Am 27 Tag des Firun untersuchte Connar das Haus von Jondera. Er brach im Boden ein und sah einen Keller mit einem Kessel und viele Kräutern. Er nahm die ihm unbekannten Kräuter mit und legte sie in Kairos Haus ab. Zur gleich Zeit sind Durzo und Tristan zur alten Hütte aufgebrochen um die Gräber auszuheben. Connar und Aurelia kamen etwas später auch dazu. In dem Grab finden sie nur ein Skelett vor, danach schaufeln sie es wieder zu. Sie machen sich auf zur Mine und Aurelia kann Connar überreden, trotz seiner Platzangst die Mine zu betreten. Nach vielen missglückten Versuchen schafften sie es den Hammer aus der Wand zu hebeln und fanden einen fetzen Haut darunter vor. Am späten Nachmittag kehrten sie ins Dorf zurück und als sie Kairos Haus betraten stieg ihnen ein beißender Geruch in die Nase. Ihnen fiel auf das Kairo über den Topf gelehnt hing und als sie ihn berührten fiel er zu Boden und er hatte kein Gesicht mehr. Alle packten ihre Sachen und verbrachten die Nacht in Ludmillas Haus.
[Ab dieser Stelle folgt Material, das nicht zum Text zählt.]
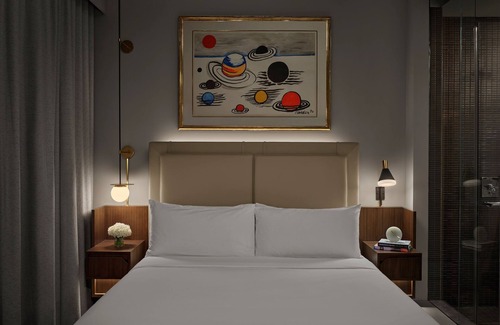 SoHo Hotel | Indulge in Home-Like Comfort! Rooftop Pool, Pets Allowed, Near Brooklyn Bridge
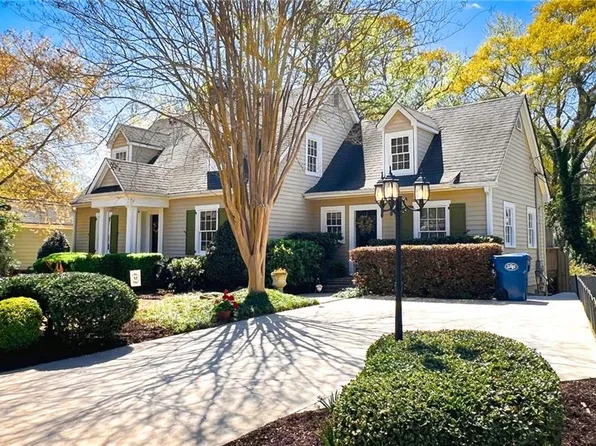 82 W New St, Winder, GA 30680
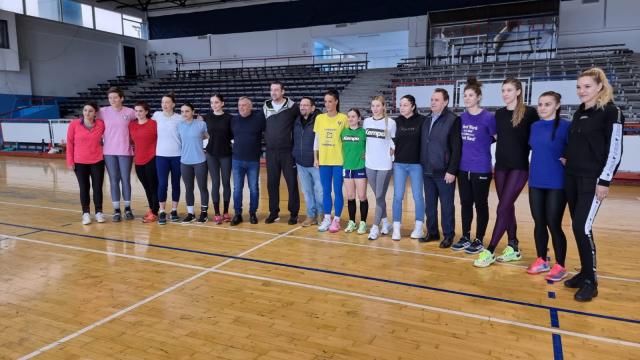 Primul antrenament al echipei de handbal feminin CSM Deva, cu marea handbalistă ”Super-Alice”, ca antrenor secund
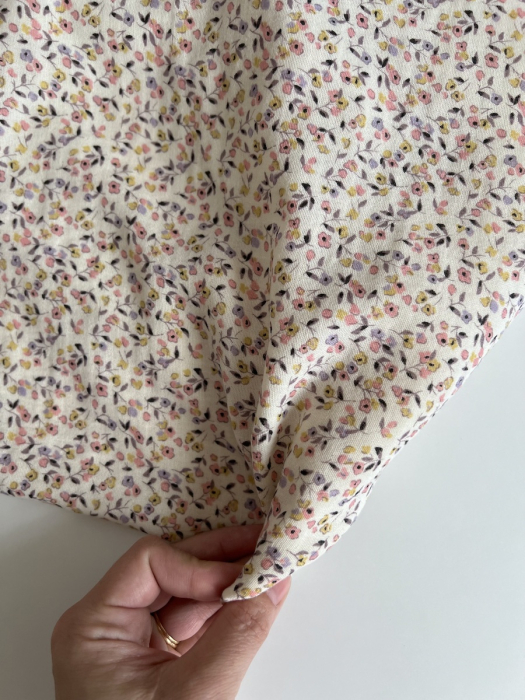 Mila - Double gaze de coton coloris fond écru imprimé fleuri Tissus issus de l'agriculture biologique  - 5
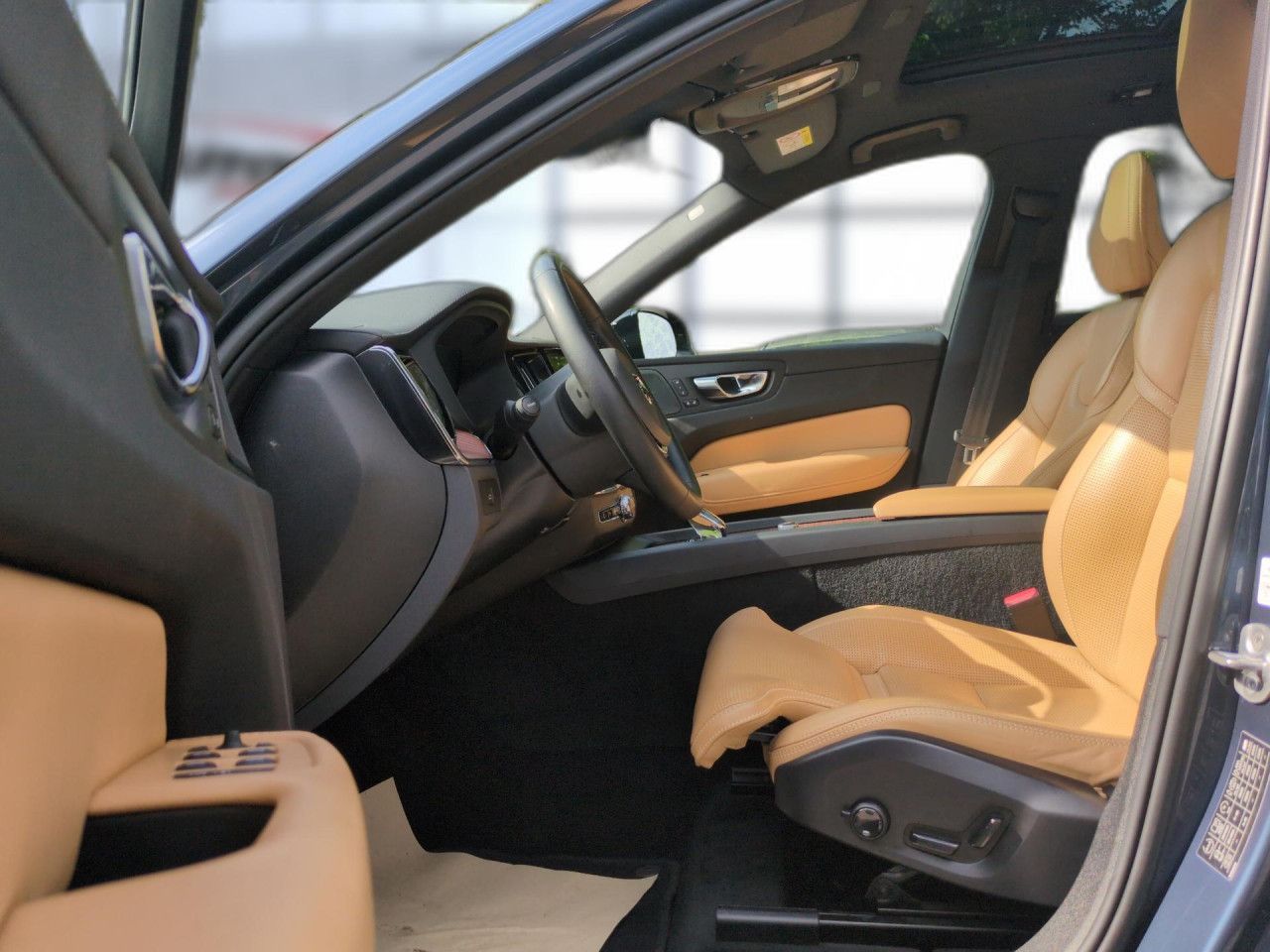 Volvo XC60 B5 (Diesel) Ultimate Dark AWD Automatik LED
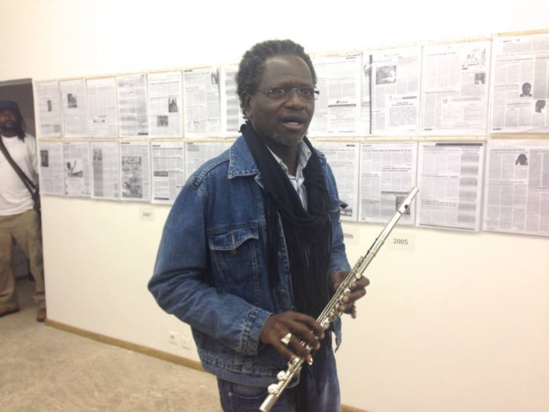 Le directeur de publication du journal le Populaire, Pape Samba Kane montre ses talents d’artiste
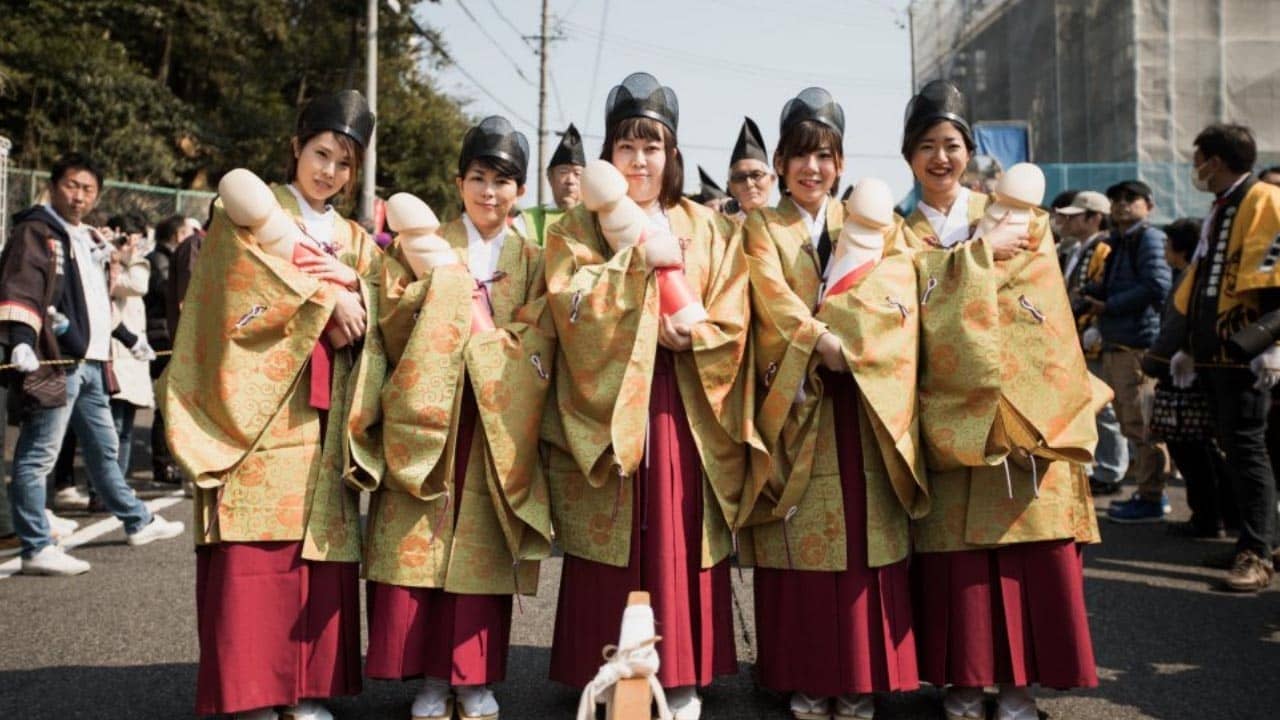 Các cô gái ôm những chiếc dương vật giả để cầu may mắn trong lễ hội Honen Matsuri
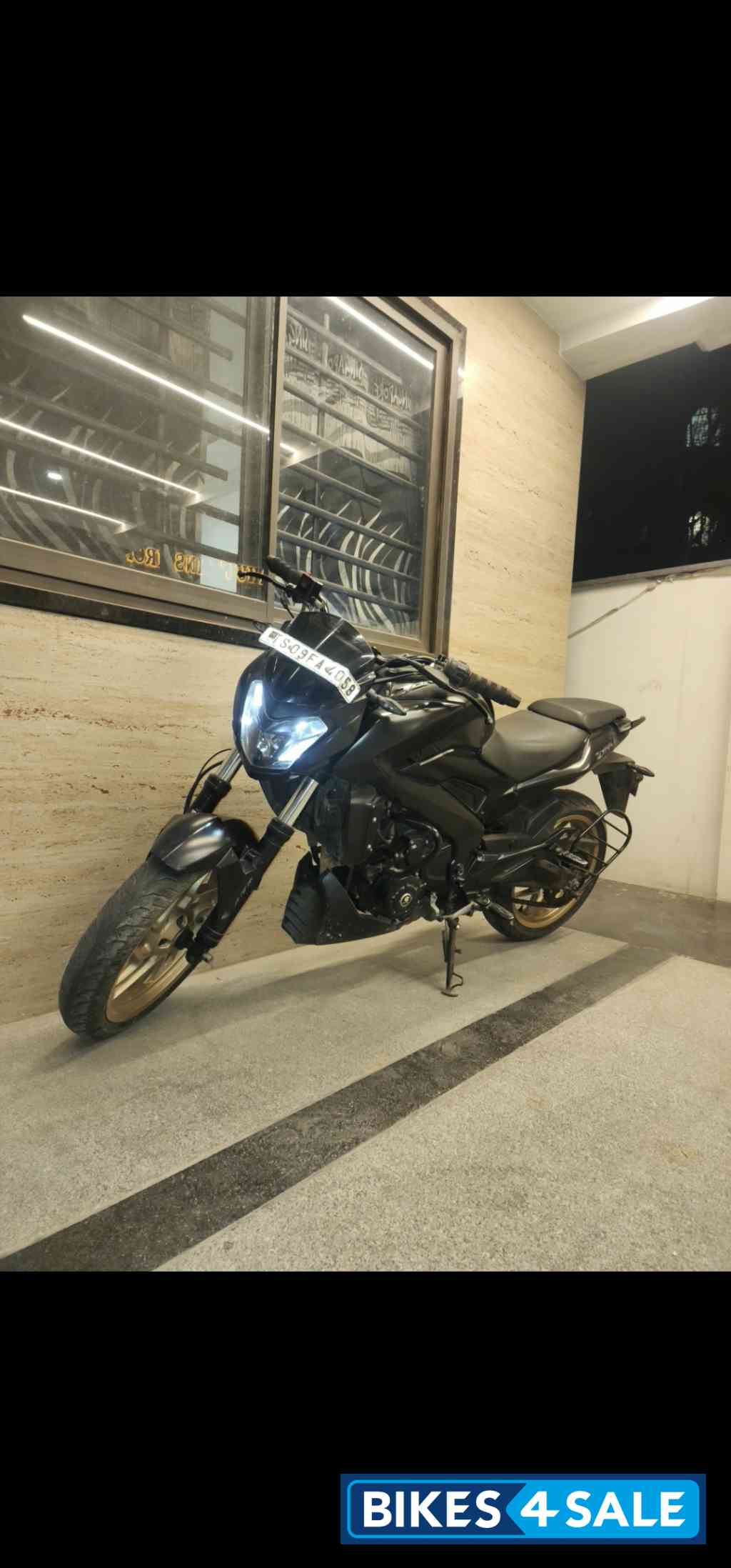 Bajaj Dominar 400 Disc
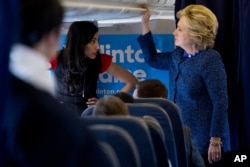 希拉里·克林顿在竞选专机上和她的高级助理Huma Abedin交谈(2016年10月28日)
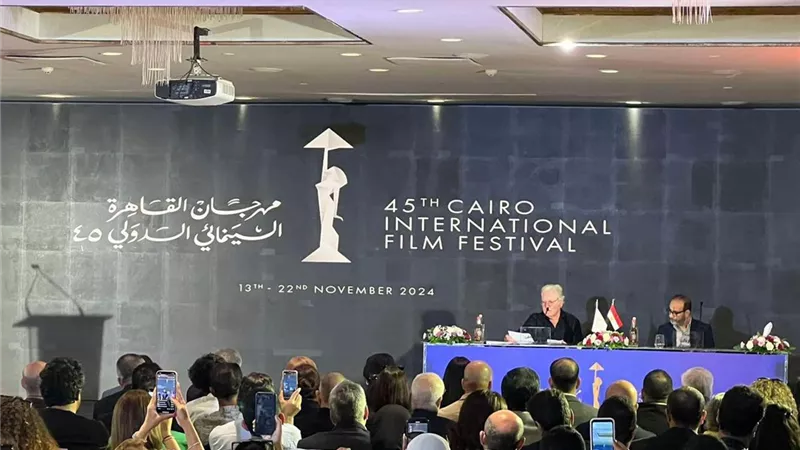 مهرجان القاهرة السينمائي الدولي يكرم يسري نصر الله وأحمد عز ودانيس تانوفيتش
Am Morgen des 28 Firun ist das Dorf verlassen und Durzo bemerkt ein kleines Mädchen welches aus dem Dorf rennt. Sie folgen den Fußspuren zu der alten Hütte am Waldrand. Nach einiger Zeit vermischten sich die Fußspuren des Mädchens mit denen der Abenteurer. Als sie die suche aufgaben kehrten sie ins Dorf zurück und sahen Schleifspuren die von Ludmillas Haus weg führten. Sie entschlossen sich ihnen zuflogen und kamen zu einem Pfad. welcher in den Wald führte, wo aber die Schleifspuren schwächer und größere Fußspuren erkennbar wurden. Als sie dem Weg folgten ging Conner etwas abseits vom Weg entlang. Durzo, Tristan und Aurelia treten aus dem Wald und sehen Ludmilla, welche Jonderas Leiche hält. Conner bleibt versteckt am Waldrand zurück, Aurelia setzt sich zu Ludmilla und Durzo und Tristan gehen in die Höhle welche zu sehen ist. Am Ende der Höhle finden sie einen Raum voll mit Leichen, Aliks Kopf und auch Ludmillas Leiche. So schnell sie können renne sie nach draußen. Währenddessen draußen wird Aurelia von einer seltsamen Gestallt gepackt, als sie sich jedoch kurz befreien konnte Schreit sie laut auf. Danach packt sie die Kreatur wieder und sie wird bewusstlos. Conner hört den Schrei und schießt auf den Gestaltwandler, mit einem gezielten Schuss trifft er es in den Kopf. Dann kommen auch Tristan und Durzo draußen an. Natürlich stürmt Durzo sofort los, während Tristan mit einem Zauber angreift. Der Gestaltwandler schmeißt Aurelia ein gutes Stück zur Seite weg. Als es sich aufrichten will trifft Conner es ins Bein und es sackt zusammen, was Durzo nur zugutekommt da er es mit ein paar gezielten Schlägen tötet. Tristan und Durzo schauen sich den Gestaltwandler genauer an und Conner schaut nach Aurelia, welche mitgenommen aussieht, aber am Leben ist. Sie kehren ins Dorf zurück und ruhen sich bis zum Morgen aus.
Was werden sie nun tun?
Was wieder mit den Leichen aus der Höhle geschehen?